* **Work instruction**: Check each line of the listing below for the string "Protection", and copy the ones that have it.

* **Exercise inputs**:
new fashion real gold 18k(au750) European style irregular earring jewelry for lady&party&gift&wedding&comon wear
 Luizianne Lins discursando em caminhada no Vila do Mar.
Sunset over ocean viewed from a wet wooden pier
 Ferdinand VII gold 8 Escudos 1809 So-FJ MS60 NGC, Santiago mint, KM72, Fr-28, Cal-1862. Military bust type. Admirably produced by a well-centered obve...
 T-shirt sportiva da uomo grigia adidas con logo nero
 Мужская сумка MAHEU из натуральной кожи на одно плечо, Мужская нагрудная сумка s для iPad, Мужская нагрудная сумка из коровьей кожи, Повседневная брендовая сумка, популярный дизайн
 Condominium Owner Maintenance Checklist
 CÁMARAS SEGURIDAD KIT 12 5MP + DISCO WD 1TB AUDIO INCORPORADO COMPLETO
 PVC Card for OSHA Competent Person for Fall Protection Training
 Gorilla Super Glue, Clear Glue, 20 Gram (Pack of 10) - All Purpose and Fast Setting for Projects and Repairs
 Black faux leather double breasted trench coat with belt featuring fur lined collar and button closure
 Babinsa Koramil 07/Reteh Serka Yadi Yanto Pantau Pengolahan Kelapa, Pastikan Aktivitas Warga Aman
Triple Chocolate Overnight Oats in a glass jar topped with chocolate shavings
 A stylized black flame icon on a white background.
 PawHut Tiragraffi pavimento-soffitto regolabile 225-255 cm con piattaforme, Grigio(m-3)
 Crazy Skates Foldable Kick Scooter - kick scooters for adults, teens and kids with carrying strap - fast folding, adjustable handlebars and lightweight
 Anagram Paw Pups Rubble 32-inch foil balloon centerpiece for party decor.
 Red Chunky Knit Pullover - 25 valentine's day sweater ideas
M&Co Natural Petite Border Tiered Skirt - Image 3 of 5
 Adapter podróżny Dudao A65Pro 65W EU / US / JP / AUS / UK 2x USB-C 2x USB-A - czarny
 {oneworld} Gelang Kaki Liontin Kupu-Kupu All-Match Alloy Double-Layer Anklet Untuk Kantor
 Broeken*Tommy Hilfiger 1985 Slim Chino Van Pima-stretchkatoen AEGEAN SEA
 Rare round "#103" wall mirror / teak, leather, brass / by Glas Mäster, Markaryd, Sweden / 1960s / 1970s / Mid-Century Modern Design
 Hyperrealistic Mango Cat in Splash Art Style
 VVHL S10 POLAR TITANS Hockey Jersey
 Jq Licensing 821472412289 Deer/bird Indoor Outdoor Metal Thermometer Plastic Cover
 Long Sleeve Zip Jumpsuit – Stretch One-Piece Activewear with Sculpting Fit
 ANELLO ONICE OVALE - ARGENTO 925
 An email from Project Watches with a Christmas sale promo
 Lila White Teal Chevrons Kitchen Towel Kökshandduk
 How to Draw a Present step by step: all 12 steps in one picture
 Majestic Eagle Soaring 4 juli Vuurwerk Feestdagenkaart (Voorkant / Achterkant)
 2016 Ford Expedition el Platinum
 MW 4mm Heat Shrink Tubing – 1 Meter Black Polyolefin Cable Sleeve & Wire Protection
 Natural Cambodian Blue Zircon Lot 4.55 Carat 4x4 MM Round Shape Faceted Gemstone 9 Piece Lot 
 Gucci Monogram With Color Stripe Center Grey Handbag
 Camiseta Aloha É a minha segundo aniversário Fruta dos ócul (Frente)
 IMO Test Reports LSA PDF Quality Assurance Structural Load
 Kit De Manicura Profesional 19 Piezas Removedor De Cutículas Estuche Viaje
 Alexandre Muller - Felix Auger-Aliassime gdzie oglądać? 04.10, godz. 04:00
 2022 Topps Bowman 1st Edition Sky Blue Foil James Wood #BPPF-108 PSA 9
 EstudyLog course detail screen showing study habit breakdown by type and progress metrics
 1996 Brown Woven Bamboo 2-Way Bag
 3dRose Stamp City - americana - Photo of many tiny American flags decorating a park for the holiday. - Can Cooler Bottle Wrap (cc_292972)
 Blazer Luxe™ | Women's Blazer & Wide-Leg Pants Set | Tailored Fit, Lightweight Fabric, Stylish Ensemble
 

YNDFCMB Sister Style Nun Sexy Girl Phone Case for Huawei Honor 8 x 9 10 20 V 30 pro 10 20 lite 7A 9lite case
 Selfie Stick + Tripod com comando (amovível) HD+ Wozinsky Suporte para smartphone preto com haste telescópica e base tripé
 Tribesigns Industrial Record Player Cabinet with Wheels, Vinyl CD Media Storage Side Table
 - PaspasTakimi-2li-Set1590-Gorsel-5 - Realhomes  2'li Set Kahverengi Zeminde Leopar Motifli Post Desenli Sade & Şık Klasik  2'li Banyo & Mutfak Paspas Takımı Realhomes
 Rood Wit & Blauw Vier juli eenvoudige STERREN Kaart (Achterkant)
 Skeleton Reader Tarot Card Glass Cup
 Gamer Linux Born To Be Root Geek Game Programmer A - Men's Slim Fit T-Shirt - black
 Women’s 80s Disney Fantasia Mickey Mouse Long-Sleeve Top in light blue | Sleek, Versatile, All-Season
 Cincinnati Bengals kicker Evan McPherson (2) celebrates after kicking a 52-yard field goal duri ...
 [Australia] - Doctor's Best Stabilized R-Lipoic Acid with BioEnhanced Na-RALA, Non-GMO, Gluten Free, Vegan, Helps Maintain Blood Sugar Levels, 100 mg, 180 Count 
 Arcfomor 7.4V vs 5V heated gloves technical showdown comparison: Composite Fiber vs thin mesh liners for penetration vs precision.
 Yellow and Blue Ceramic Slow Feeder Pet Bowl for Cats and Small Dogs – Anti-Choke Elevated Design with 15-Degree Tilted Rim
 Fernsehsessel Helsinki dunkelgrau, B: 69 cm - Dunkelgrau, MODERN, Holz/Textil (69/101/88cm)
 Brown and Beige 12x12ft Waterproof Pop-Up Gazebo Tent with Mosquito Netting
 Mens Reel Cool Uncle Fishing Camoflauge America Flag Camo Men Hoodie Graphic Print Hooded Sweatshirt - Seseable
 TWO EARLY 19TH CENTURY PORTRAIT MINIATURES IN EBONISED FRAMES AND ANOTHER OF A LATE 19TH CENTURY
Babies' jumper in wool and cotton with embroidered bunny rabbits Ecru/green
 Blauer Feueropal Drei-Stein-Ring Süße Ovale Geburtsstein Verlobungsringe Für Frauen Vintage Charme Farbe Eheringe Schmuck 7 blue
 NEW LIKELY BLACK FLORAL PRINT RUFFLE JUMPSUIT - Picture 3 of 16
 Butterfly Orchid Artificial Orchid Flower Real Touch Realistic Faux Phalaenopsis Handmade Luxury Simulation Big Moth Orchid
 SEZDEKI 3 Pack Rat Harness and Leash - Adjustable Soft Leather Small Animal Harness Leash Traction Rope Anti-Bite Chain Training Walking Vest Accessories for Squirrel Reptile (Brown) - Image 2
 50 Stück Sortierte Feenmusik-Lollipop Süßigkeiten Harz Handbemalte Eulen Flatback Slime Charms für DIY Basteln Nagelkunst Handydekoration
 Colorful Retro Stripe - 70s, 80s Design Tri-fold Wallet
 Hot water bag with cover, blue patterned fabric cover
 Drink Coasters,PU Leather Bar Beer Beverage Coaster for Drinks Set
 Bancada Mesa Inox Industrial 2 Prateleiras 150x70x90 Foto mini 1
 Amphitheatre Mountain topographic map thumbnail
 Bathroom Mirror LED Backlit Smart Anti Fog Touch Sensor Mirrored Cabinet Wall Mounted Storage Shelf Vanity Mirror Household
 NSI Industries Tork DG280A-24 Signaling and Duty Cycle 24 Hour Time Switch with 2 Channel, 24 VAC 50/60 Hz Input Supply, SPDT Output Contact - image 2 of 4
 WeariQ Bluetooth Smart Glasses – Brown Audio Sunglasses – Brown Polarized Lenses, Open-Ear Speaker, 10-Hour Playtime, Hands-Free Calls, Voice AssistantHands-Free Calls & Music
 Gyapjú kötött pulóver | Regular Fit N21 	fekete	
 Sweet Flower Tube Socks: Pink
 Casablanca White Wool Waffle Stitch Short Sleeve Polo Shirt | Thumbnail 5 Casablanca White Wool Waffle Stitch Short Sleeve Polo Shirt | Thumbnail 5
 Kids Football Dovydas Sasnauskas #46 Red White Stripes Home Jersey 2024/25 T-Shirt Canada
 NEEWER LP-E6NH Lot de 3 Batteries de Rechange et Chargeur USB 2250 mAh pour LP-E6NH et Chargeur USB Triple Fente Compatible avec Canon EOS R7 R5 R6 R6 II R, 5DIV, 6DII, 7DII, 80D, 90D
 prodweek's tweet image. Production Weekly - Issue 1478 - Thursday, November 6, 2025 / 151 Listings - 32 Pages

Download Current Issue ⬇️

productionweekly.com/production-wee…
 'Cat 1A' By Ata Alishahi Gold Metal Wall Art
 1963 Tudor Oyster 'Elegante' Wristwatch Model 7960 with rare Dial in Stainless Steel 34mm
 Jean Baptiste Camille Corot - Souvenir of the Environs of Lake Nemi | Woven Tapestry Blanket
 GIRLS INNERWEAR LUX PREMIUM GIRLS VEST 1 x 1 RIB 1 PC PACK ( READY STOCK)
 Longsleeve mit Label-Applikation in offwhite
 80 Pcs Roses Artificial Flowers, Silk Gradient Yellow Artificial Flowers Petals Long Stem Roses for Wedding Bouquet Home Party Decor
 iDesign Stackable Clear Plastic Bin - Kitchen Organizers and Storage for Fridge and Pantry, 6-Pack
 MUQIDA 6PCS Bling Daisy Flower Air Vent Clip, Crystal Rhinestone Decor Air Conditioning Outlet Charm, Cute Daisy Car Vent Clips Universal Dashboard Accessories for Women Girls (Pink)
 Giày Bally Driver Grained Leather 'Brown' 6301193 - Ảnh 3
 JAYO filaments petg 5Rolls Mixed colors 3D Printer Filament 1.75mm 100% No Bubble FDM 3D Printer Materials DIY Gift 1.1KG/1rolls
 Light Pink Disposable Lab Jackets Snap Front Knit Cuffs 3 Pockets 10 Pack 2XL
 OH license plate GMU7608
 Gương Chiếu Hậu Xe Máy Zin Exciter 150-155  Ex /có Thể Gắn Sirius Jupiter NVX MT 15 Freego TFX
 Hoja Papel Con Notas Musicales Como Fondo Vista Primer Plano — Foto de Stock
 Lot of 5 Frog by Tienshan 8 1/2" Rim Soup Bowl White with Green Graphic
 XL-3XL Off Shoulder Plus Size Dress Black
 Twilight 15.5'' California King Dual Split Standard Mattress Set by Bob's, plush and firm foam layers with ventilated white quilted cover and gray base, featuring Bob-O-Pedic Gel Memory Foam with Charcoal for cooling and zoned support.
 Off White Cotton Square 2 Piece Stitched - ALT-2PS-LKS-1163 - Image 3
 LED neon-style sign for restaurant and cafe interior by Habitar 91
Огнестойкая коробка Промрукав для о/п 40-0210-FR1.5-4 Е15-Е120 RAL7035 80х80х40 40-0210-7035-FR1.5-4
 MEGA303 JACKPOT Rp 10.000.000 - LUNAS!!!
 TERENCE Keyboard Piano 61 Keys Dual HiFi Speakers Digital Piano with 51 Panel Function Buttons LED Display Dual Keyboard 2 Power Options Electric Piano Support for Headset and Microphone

* **Output**:
 PVC Card for OSHA Competent Person for Fall Protection Training
 MW 4mm Heat Shrink Tubing – 1 Meter Black Polyolefin Cable Sleeve & Wire Protection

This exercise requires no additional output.